The question is whether his model will work. Ace commenter Brian, writing over at his place, has confidence that it will. In the comments section over at his blog, he said the following:
Well, the way I see it, Silver's (apparently radical) approach to predicting who people are going to vote for is...looking at every possible data set asking people who they are going to vote for.I had taken the view that you have to pay attention to the behavior of the campaigns and, from my perspective, the Obama campaign has been acting in a way that is strongly reminiscent of the way the George H. W. Bush campaign was acting in 1992 -- lotsa personal attacks, anger and scrambling around. Meanwhile, Romney's campaign has been moving forward and contesting a number of states that had been assumed unavailable, including Minnesota.

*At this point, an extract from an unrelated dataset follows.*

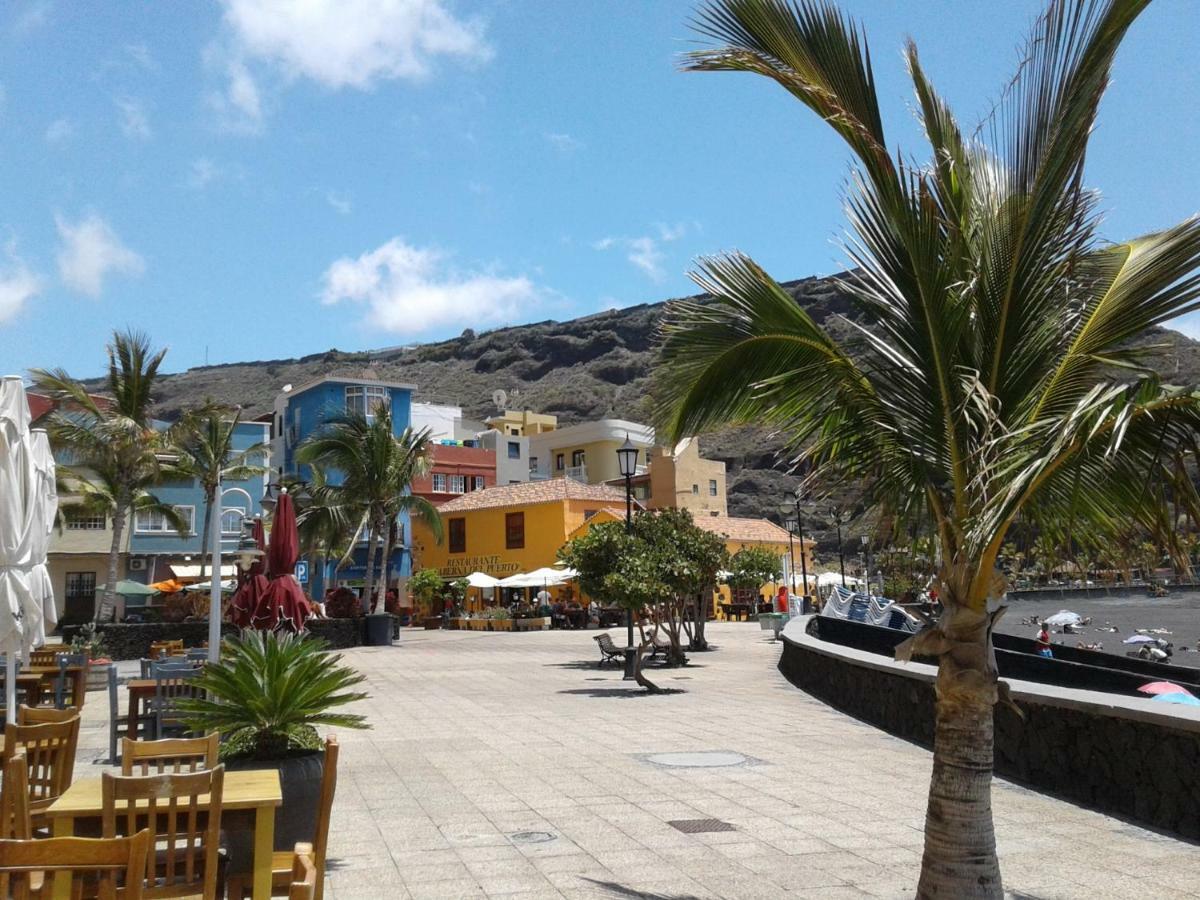Apartmán Il Gabbiano Playa Cancajos.- BreNa Baja  Exteriér fotografie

He nailed it last time around. If he does it again, a lot of people who run their mouths for a living--and who base their predictions on things like their memories and impressions of campaigns past, intangibles like "enthusiasm", etc.--are going to have to contend with the fact that their intuitions just don't seem to matter very much. And there will be strong empirical evidence of that.

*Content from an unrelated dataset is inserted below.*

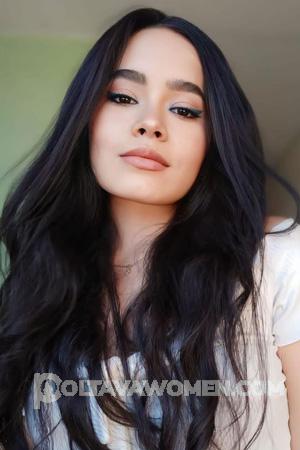 Ladies of Latin-America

In a longish but very good article over at RedState, Dan McLaughlin makes what I think is a very important observation about the limitations of Silver's polling, using an example that I personally experienced:
Mathematical models are all the rage these days, but you need to start with the most basic of facts: a model is only as good as the underlying data, and that data comes in two varieties: (1) actual raw data about the current and recent past, and (2) historical evidence from which the future is projected from the raw data, on the assumption that the future will behave like the past. Consider the models under closest scrutiny right now: weather models such as hurricane models. These are the best kind of model, in the sense that the raw data is derived from intensive real-time observation and the historical data is derived from a huge number of observations and thus not dependent on a tiny and potentially unrepresentative sample.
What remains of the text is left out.